- DATA BELOW:

━━━━━━━━

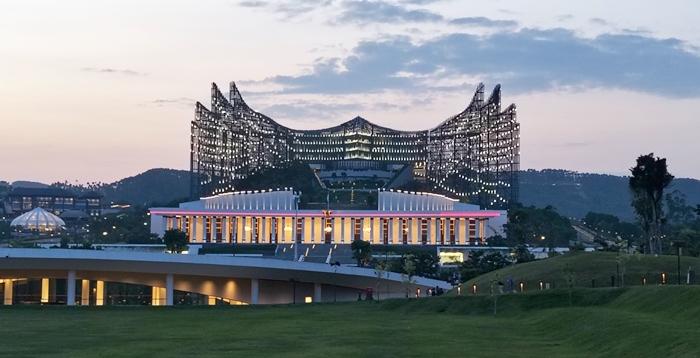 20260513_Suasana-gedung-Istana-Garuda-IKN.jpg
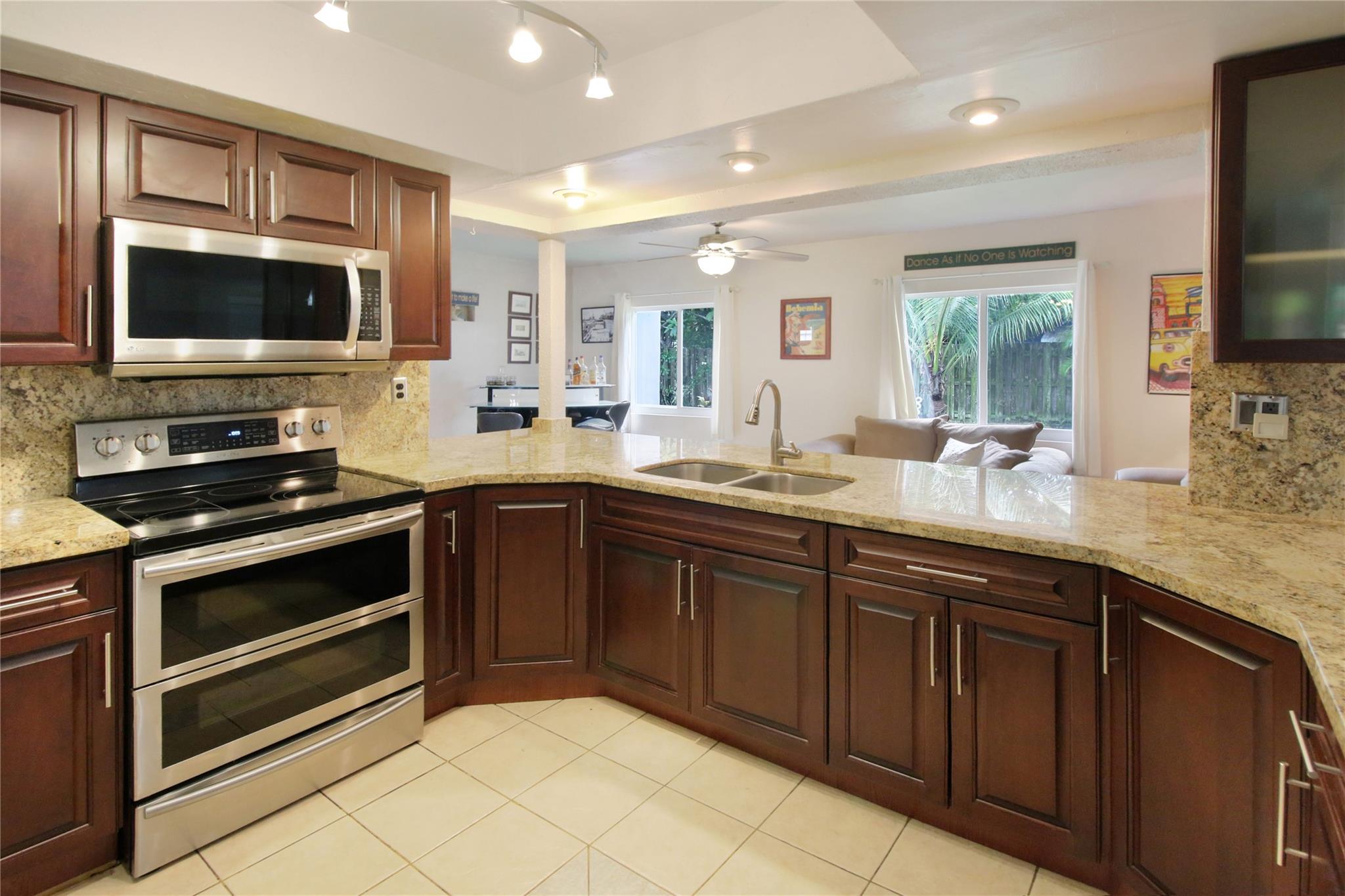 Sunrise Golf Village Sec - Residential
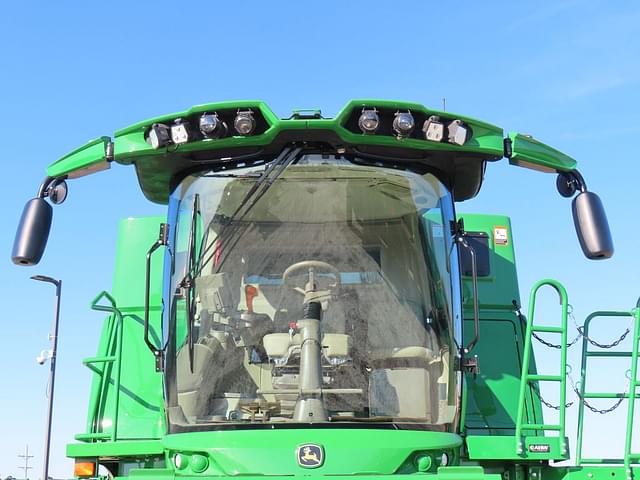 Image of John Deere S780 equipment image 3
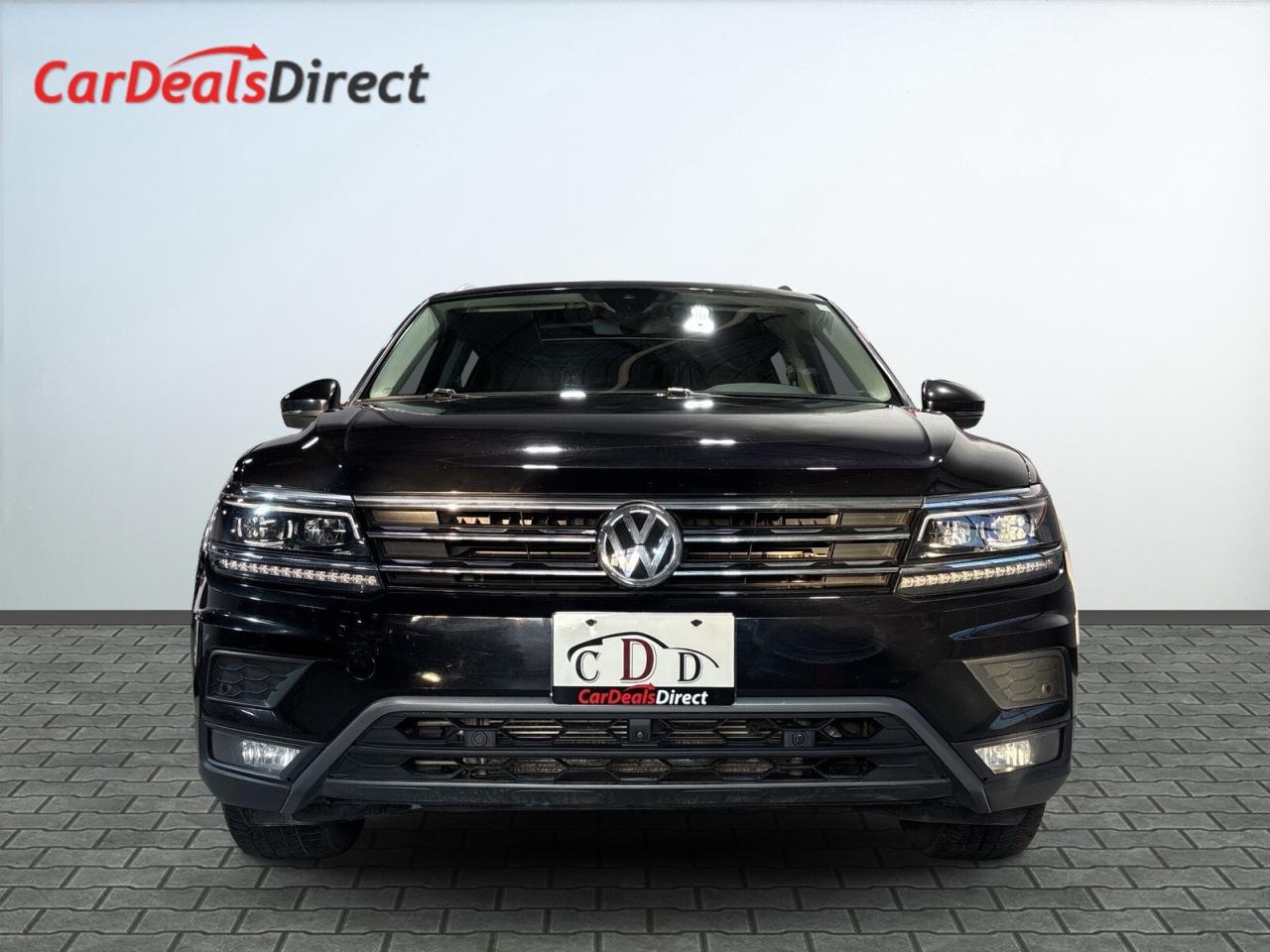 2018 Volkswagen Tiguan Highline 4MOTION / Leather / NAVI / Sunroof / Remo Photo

━━━━━━━━

- ABOUT THIS EXERCISE: The images are to be left out; every line above should be set down exactly.

- REPLY TO THE TASK:
 20260513_Suasana-gedung-Istana-Garuda-IKN.jpg
 Sunrise Golf Village Sec - Residential
 Image of John Deere S780 equipment image 3
 2018 Volkswagen Tiguan Highline 4MOTION / Leather / NAVI / Sunroof / Remo Photo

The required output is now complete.